Vamos a suponer, sin embargo, que el Congreso adopta la propuesta que tenemos en frente. En tal caso, uno se pregunta para qué serviría el proceso de implementación que ya ha comenzado con la Ley de Amnistía. En realidad, parece un ejercicio redundante que se ocupe de un conjunto de materias, que el AF regula con alto grado de minucia, sólo para constatar que como este ya es parte de la Carta, no le queda alternativa distinta a realizar un ejercicio de “copy and paste”; si se pusiere “creativo” violaría el Acuerdo o, lo que es lo mismo, la Constitución.

Imagino la réplica: “Puede haber materias sobre las cuales quepan ajustes y, en todo caso, en otras puede ser indispensable un ejercicio de reglamentación”. Correcto. Sólo que esos cambios tendrían que ser avalados por el Gobierno y, en última instancia, por las FARC, lo cual pondría de presente la notable pérdida de autonomía del Congreso. Y si se tratase de que se ocupe de reglamentar el Acuerdo, se haría evidente la inversión de los roles del Parlamento y el Gobierno. En la “moribunda” Constitución vigente, es aquel quien expide las leyes, mientras que este, ejerciendo una función derivada o subalterna, las reglamenta.

Es comprensible que, por razones políticas, se pretenda “amarrar” al Congreso a pesar de que en la sentencia relativa a la convocatoria del Plebiscito, la Corte Constitucional dijo exactamente lo contrario: “(...) la decisión adoptada por el pueblo es vinculante exclusivamente para el gobernante. Esto en razón de que extender la obligatoriedad del plebiscito a los demás poderes públicos atentaría contra la división de poderes y el sistema de frenos y contrapesos, en tanto permitiría que el presidente, basado en la ascendencia del pronunciamiento popular, podría llegar a desconocer o inhibir las competencias de las demás ramas del poder público”.

No hay duda, entonces, de que aun si hubiere triunfado el plebiscito, el Congreso habría conservado la plenitud de sus potestades. Por tanto, resulta extraño que el Gobierno le solicite renunciar a competencias suyas incuestionables pasando por alto que el voto popular le fue adverso. Acceder a esa pretensión sería un “autosuicidio”; una absurda renuncia al mandato que los ciudadanos les hemos otorgado. Los elegimos para que deliberen y decidan, no para que se limiten a asentir con docilidad.

Esa abdicación sería grave incluso si aceptamos que el contrato realizado con las FARC es “el mejor del mundo”, un resultado maravilloso habida cuenta de que el anterior firmado en Cartagena también lo era. Lo es por el precedente que configura. En el fondo, el AF es un programa de acción política que comparten el Gobierno y las FARC. Si su constitucionalización es posible, también lo sería el de cualquier candidato populista, de derecha o de izquierda, que habiendo triunfado en los comicios cuente con las mayorías en el Congreso.
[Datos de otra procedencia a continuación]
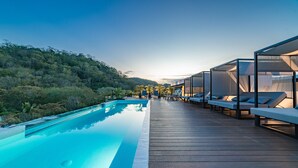 Zona de piscina con terraza de madera, sillas de descanso y vista a un paisaje boscoso.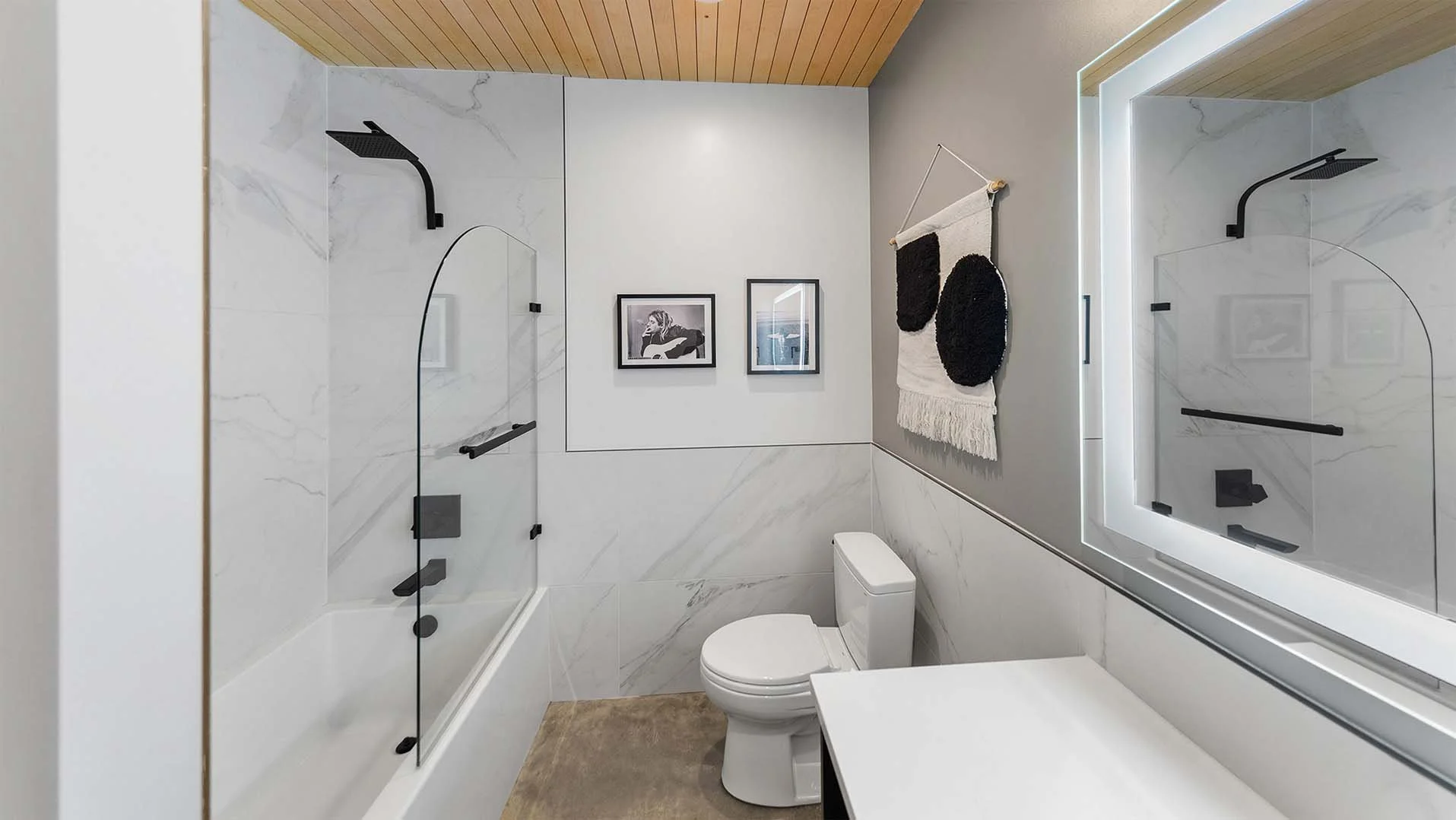 RAVN HAUS vacation rental Wy'East En Suite with marble tile, tub shower combo, and matte black fixtures on Mt. Hood, Oregon.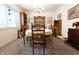 Traditional dining room featuring a round table with seating for six and built-in wooden cabinets at 720 22Nd St, Columbus, IN 47201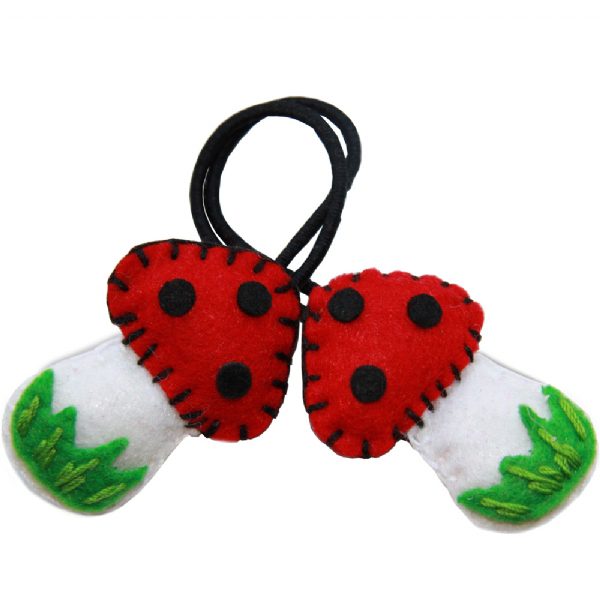Handmade felt mushroom ponytail bands in red and white – girls hair accessory from Modern Lola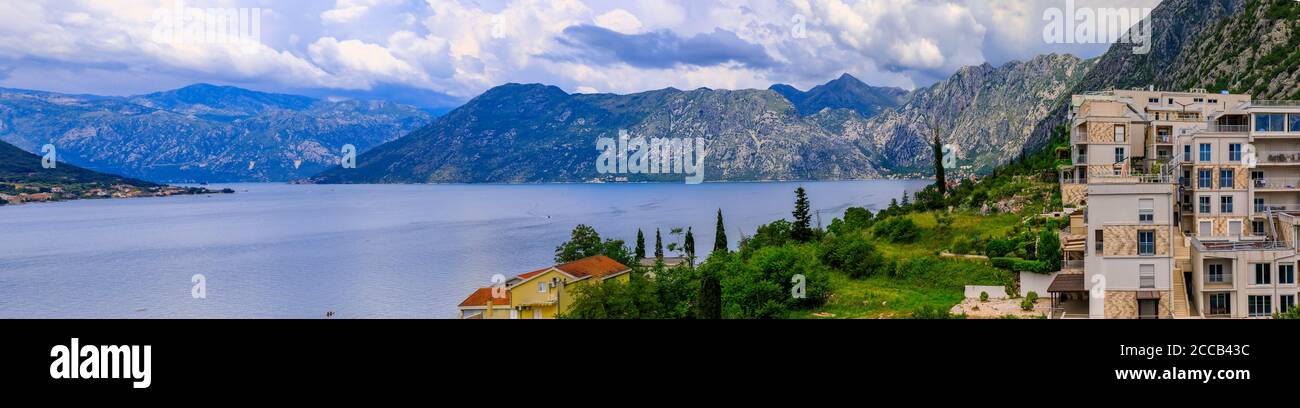 Luftaufnahme von Wohngebäuden entlang der Küste der Bucht von Kotor und Berge im Hintergrund im Sommer in Dobrota, Montenegro Stockfoto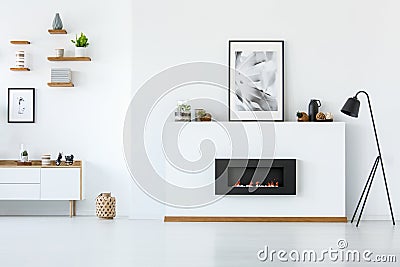 Black lamp next to fireplace under posters in minimal white living room interior. Real photo Stock Photo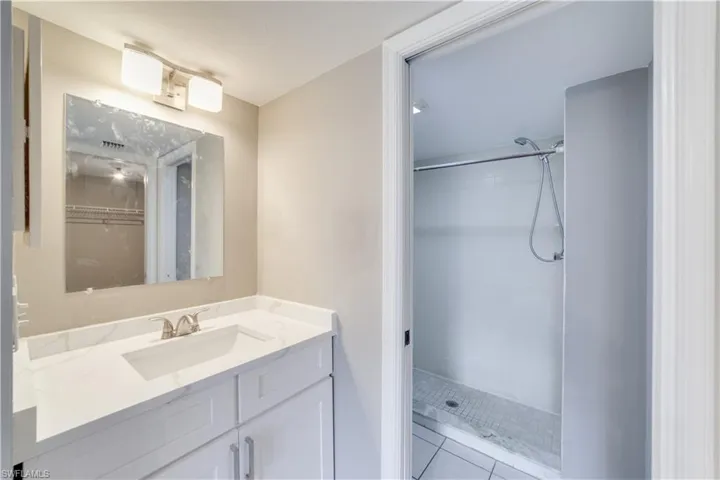 Bathroom featuring tiled shower, tile flooring, and vanity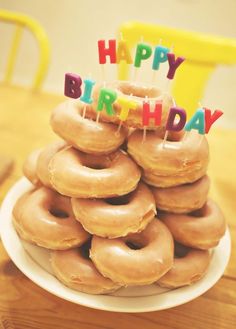 a stack of doughnuts on a plate with happy birthday candles in the middle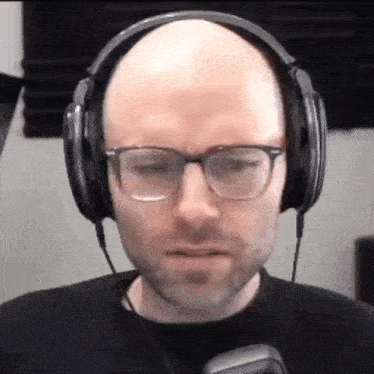 a bald man wearing headphones and glasses is making a funny face .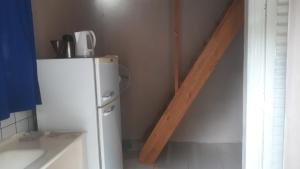 eine kleine Küche mit einem weißen Kühlschrank und einem Holzbalken in der Unterkunft CardónApart in Puerto Iguazú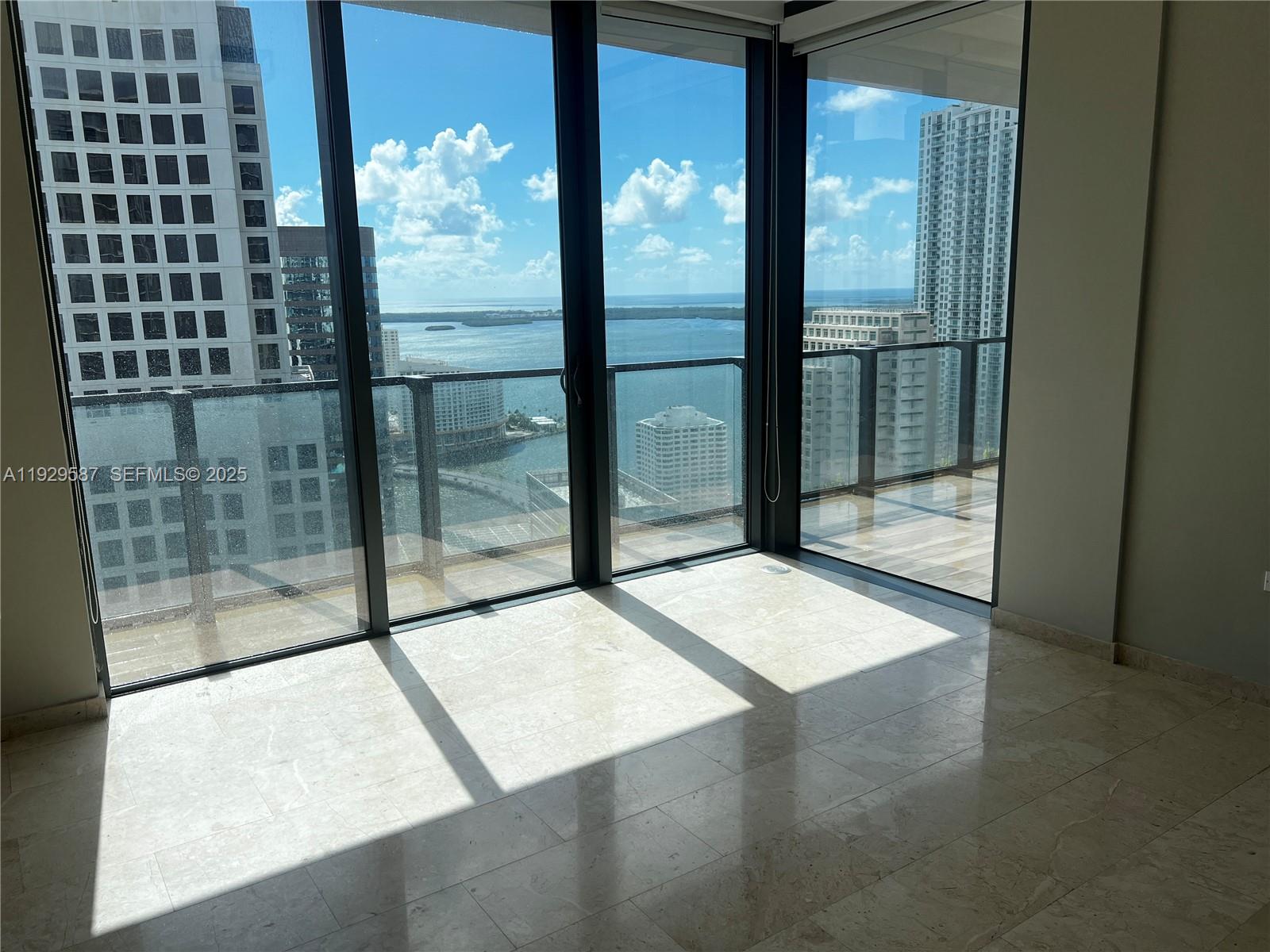 68 Southeast 6th Street, Unit 3401 Miami, FL 33131 - Photo 17 of 23 a view of a glass door with porch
La elección de Trump demuestra que las peores pesadillas son posibles. En las elecciones del año entrante seguramente tendremos aguerridos exponentes del chavismo y del fundamentalismo religioso. No quisiera ver el programa de ninguno de ellos en la Constitución.

Si acaso algún miembro del Congreso leyere estas observaciones, le pediría que aplique aquel paradigma según el cual “el tiempo se venga de las cosas que se hacen sin su concurso”; que se percate de que preservar las instituciones es un objetivo tan loable como protocolizar el fin del enfrentamiento armado con un grupo guerrillero y que agudizar la extrema polarización que padecemos le hace daño a Colombia.